**WORK ITEM**
Leaving out every picture, output the records below exactly as they are.

**DATA SHOWN**
--- --- ---

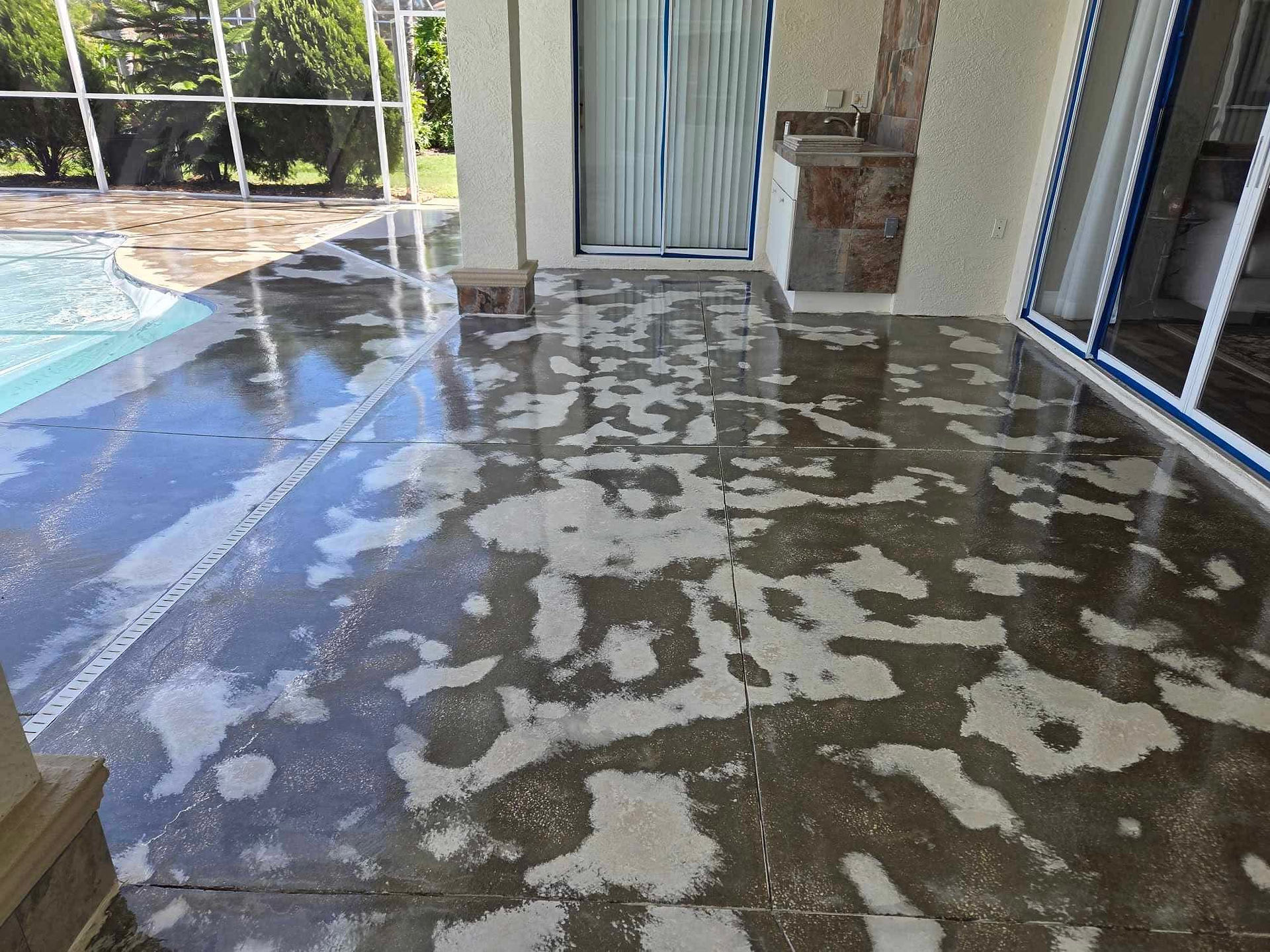 Flood Coat for an even surface above pavers project for franco polyaspartic pool deck resurfacing in florida 18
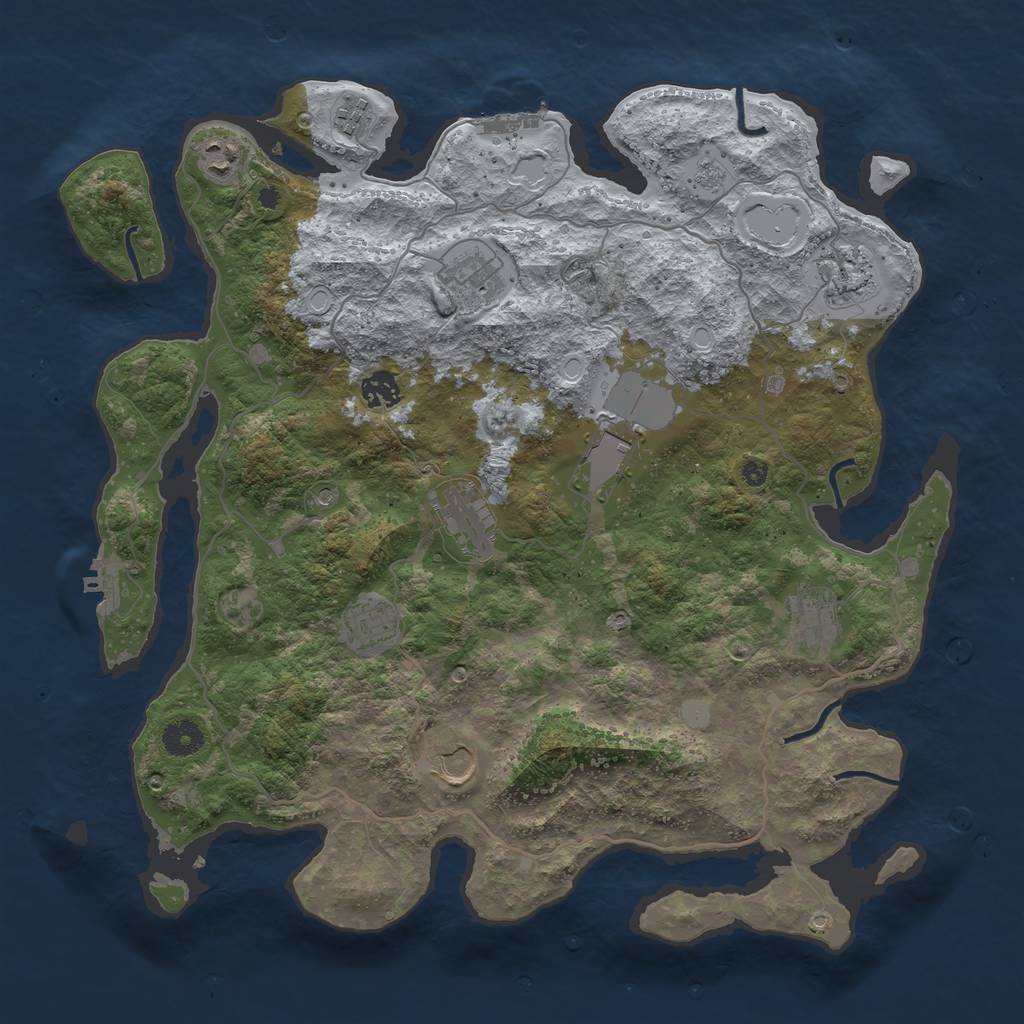 Rust Map: Procedural Map, Size: 4000, Seed: 75917, 19 Monuments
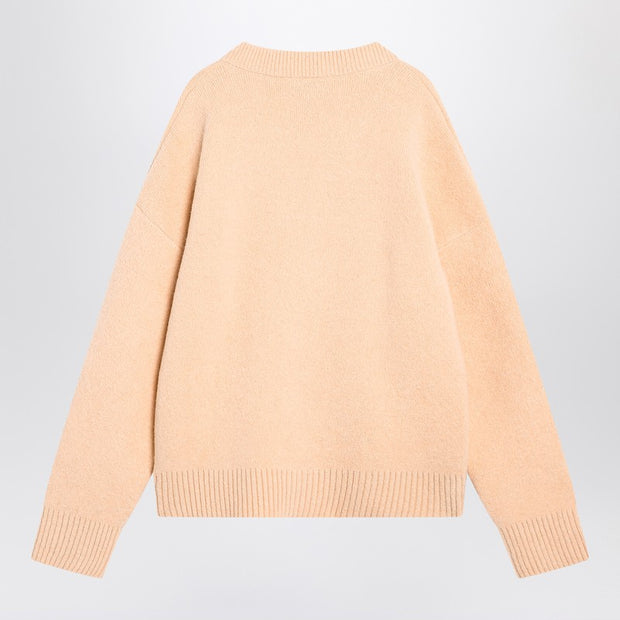 Ami Paris Light Beige Wool Cardigan Ami De Coeur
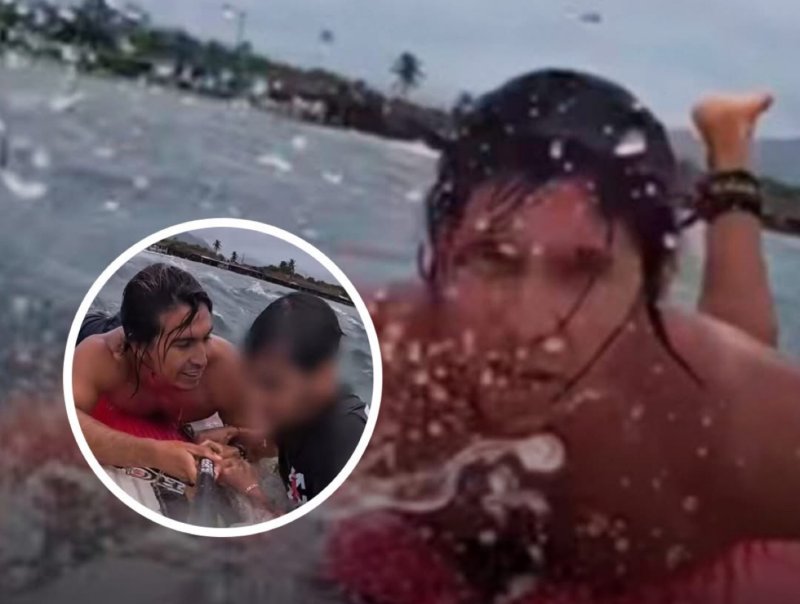 “¡Aguanta, aguanta!”: Guardavidas rescata a joven durante huracán “Priscila” en Manzanillo 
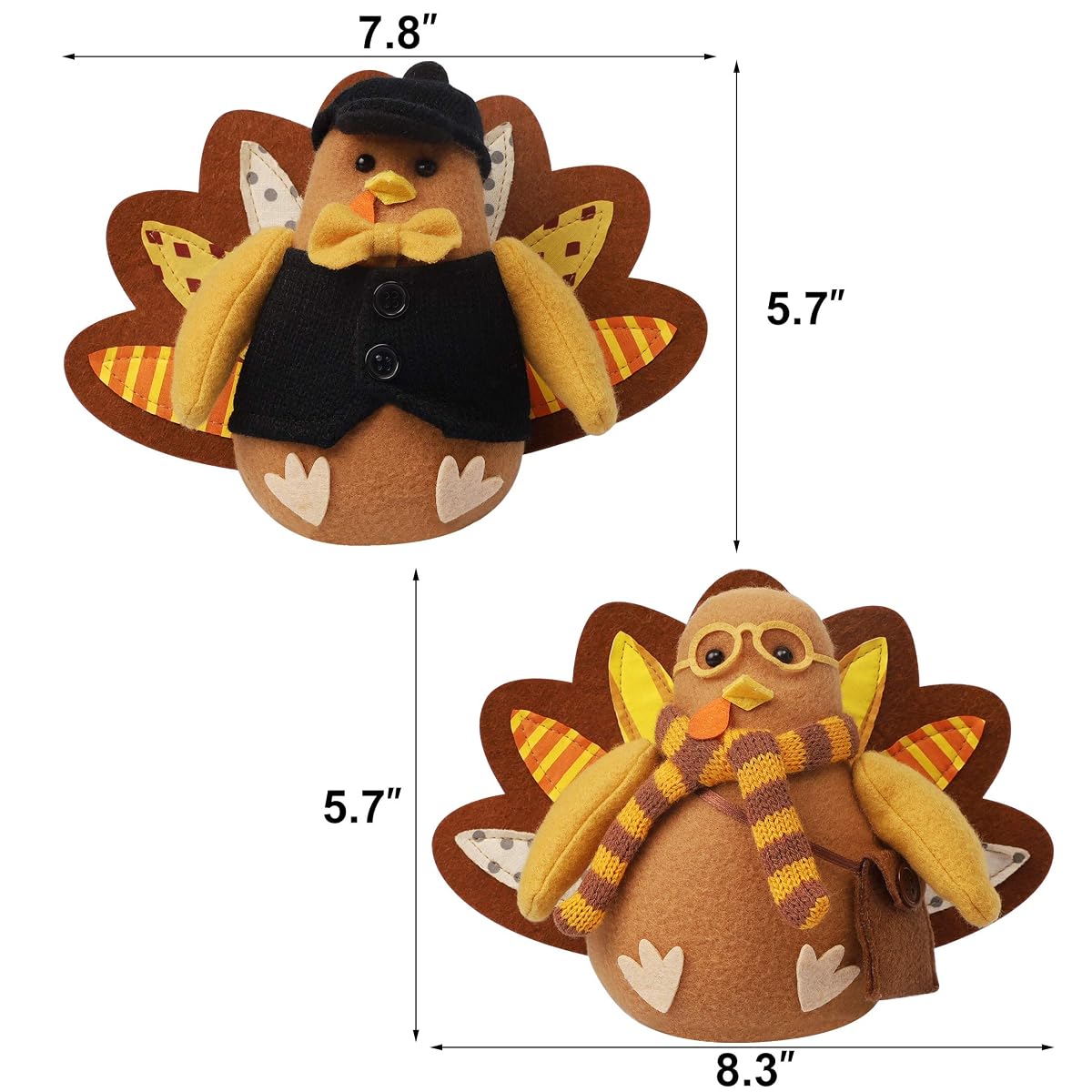 FORUP Standing Turkey Couple Thanksgiving Decoration for Autumn Fall Thanksgiving Harvest Halloween Home Decorations - imagen de detalle 1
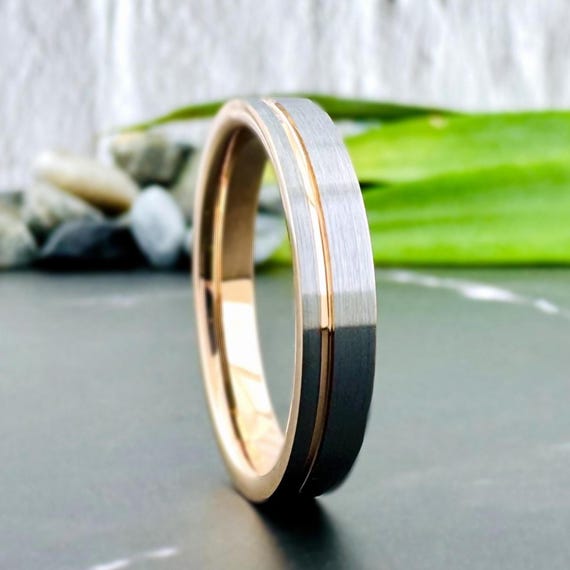 Thin Mens Wedding Band Rose Gold Silver Gray Women Tungsten Ring 4MM Skinny Anniversary Ring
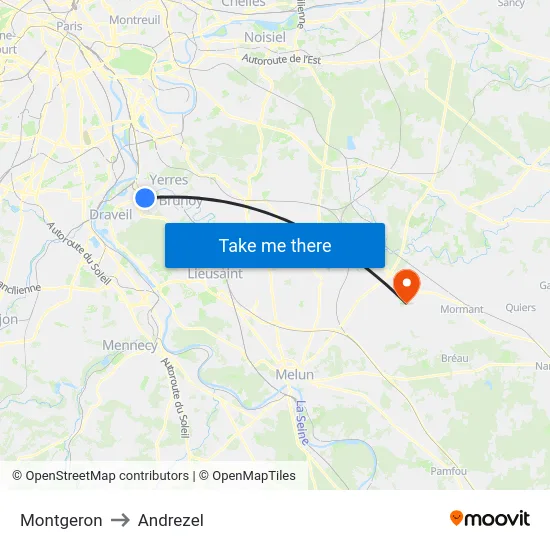 Montgeron to Andrezel map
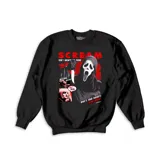 Buzo negro de cuello redondo con estampado gráfico de la película Scream en el frente. Presenta al icónico personaje Ghostface con un cuchillo y escenas de la película, junto con frases temáticas.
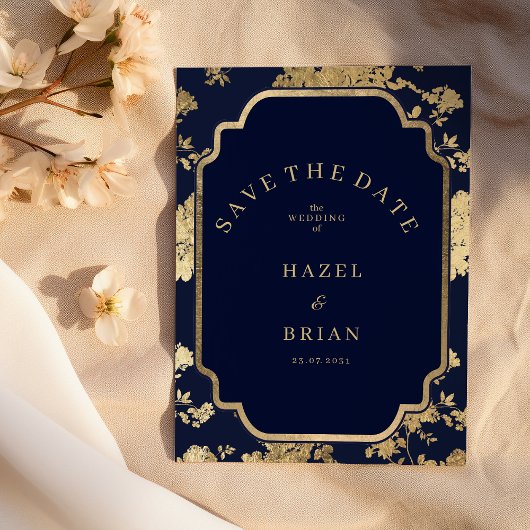 Luxury navy blue and gold floral Save the Date Kaart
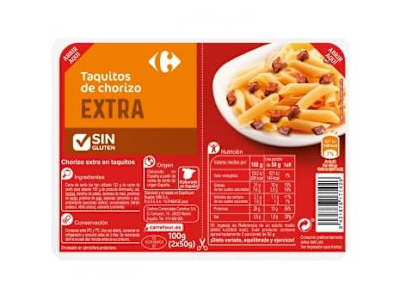 Chorizo Extra en taquitos Carrefour sin gluten 2x50 g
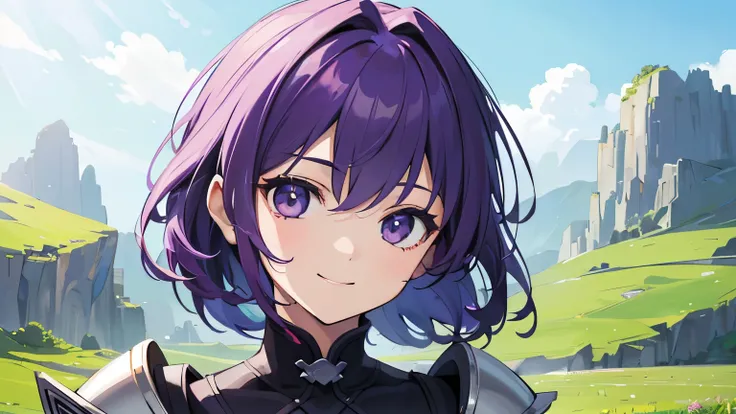 (T Masterpiece，4k wallpaper，best quality))、((girl１people))、(solo)、Brilliant，(purple hair)、(shortcut:1.3)、close up of face、smile、grassland、armor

--- --- ---

**EXPECTED ANSWER**
 Flood Coat for an even surface above pavers project for franco polyaspartic pool deck resurfacing in florida 18
 Rust Map: Procedural Map, Size: 4000, Seed: 75917, 19 Monuments
 Ami Paris Light Beige Wool Cardigan Ami De Coeur
 “¡Aguanta, aguanta!”: Guardavidas rescata a joven durante huracán “Priscila” en Manzanillo 
 FORUP Standing Turkey Couple Thanksgiving Decoration for Autumn Fall Thanksgiving Harvest Halloween Home Decorations - imagen de detalle 1
 Thin Mens Wedding Band Rose Gold Silver Gray Women Tungsten Ring 4MM Skinny Anniversary Ring
 Montgeron to Andrezel map
 Buzo negro de cuello redondo con estampado gráfico de la película Scream en el frente. Presenta al icónico personaje Ghostface con un cuchillo y escenas de la película, junto con frases temáticas.
 Luxury navy blue and gold floral Save the Date Kaart
 Chorizo Extra en taquitos Carrefour sin gluten 2x50 g
 (T Masterpiece，4k wallpaper，best quality))、((girl１people))、(solo)、Brilliant，(purple hair)、(shortcut:1.3)、close up of face、smile、grassland、armor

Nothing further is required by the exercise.